Sunday August 23: Atlanta Dream @ Connecticut Sun, 6 pm
(Connecticut leads 2-1)
You might be saying to yourself, “wow, we’ve seen a lot of Connecticut lately”. You’re not kidding, and the Dream will actually play its fifth and final regular season game against the Sun just two days later on Tuesday, August 25.
Sunday, however, comes first. Atlanta plays at the fastest pace in the WNBA, so the Dream hope to make Connecticut play at their speed. Sun center Kelsey Bone usually scores in double figures, so Atlanta will need a little more oomph under the post in Uncasville. Atlanta is lucky that Alyssa Thomas will be sidelined for the next couple of weeks due to a shoulder injury and probably won’t play either in this game or the one two days later. Thomas has averaged 8.7 points a game this season.
This might be a defensive battle, as point guard Alex Bentley is leading the WNBA in steals and Lyttle is always a Defensive Player of the Year candidate for the Dream. In any case, if the Dream scores 70 or more points, they have a shot – the Sun are 6-11 when opponents cross that benchmark as the Dream proved on Sunday.
WNBA Power Rankings
- New York Liberty (16-7) – Most games won by the Liberty since 2011. Most games won by Laimbeer since 2008.
- Washington Mystics (14-9) – Next four games for the Mystics are a rematch with the Lynx on Wednesday, the Sky twice, and then the Mercury.
(tie) Los Angeles Sparks (8-16) – The win-loss record means nothing. Candace Parker had 21 points, 10 rebounds and eight assists in the win against the Sky. If they keep playing like this, the Sparks could “upset” their first round opponent.
- Indiana Fever (14-9) – Indiana has won six of its last seven, with five of those wins by double digits. Next two road games are against West teams.
- Phoenix Mercury (15-9) – The field goal percentage title this season will come down to either Brittney Griner or Crystal Langhorne of Seattle.
- Minnesota Lynx (18-7) – The best team in the West is looking pretty pedestrian. Late season swoon?
(tie) Connecticut Sun (12-12) – The Sun’s record against Eastern Conference teams? 4-11 after Sunday’s loss to the Dream.
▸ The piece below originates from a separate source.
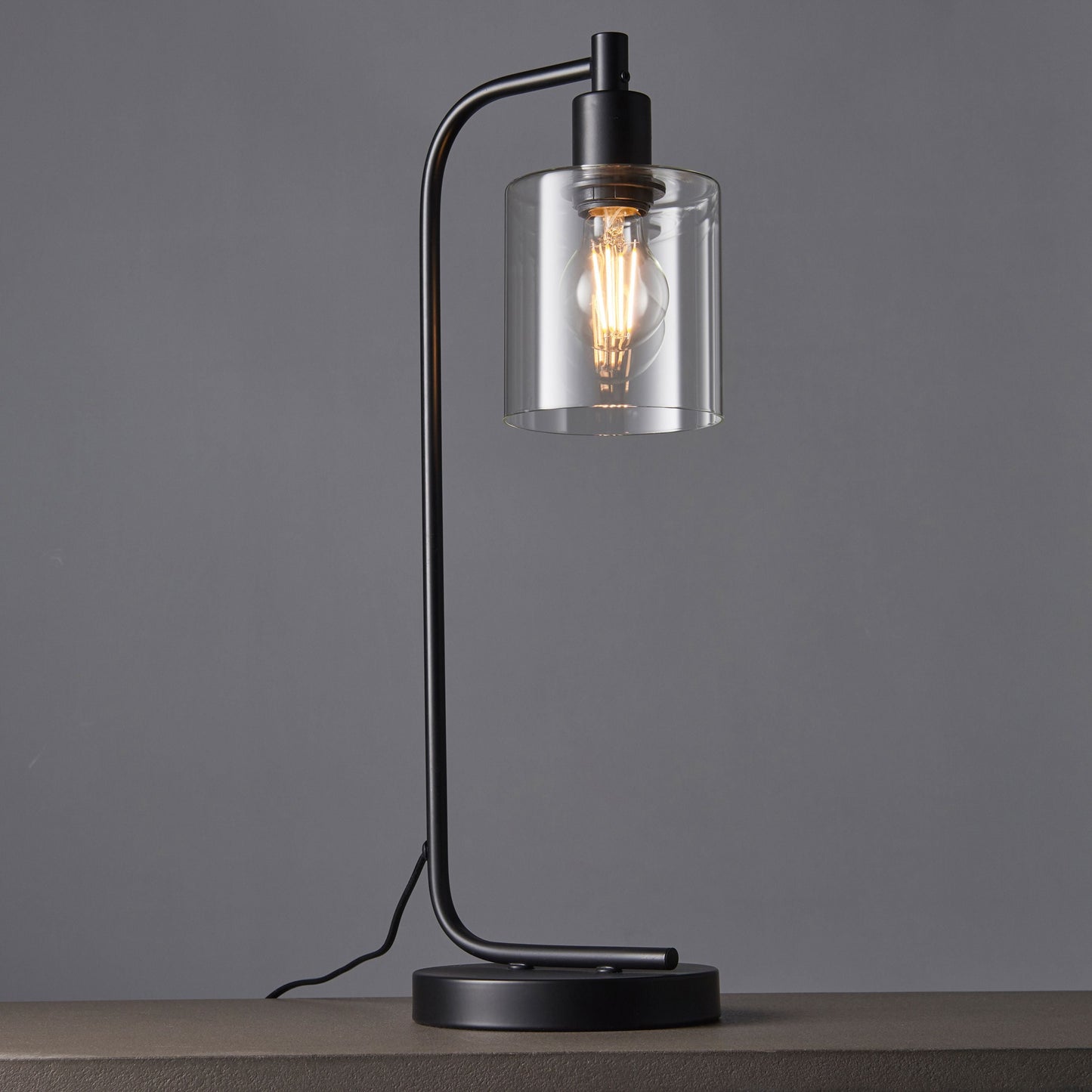 Industrial Matt Black Glass Table Lamp – Sleek Design & Steel Base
- Chicago Sky (15-11) – Sky are leading the league in points, but aren’t playing like it.
- Seattle Storm (7-19) – Over their last 10 games, their margin of victory is only -1.9.
- Atlanta Dream (9-15) – Schimmel’s Sunday game was her third straight game in double-digits and her fourth in her last five games.
- San Antonio Stars (7-18) – Still winless on the road.
- Tulsa Shock (11-14) – Shock’s win against the Liberty is much needed – but too little, too late?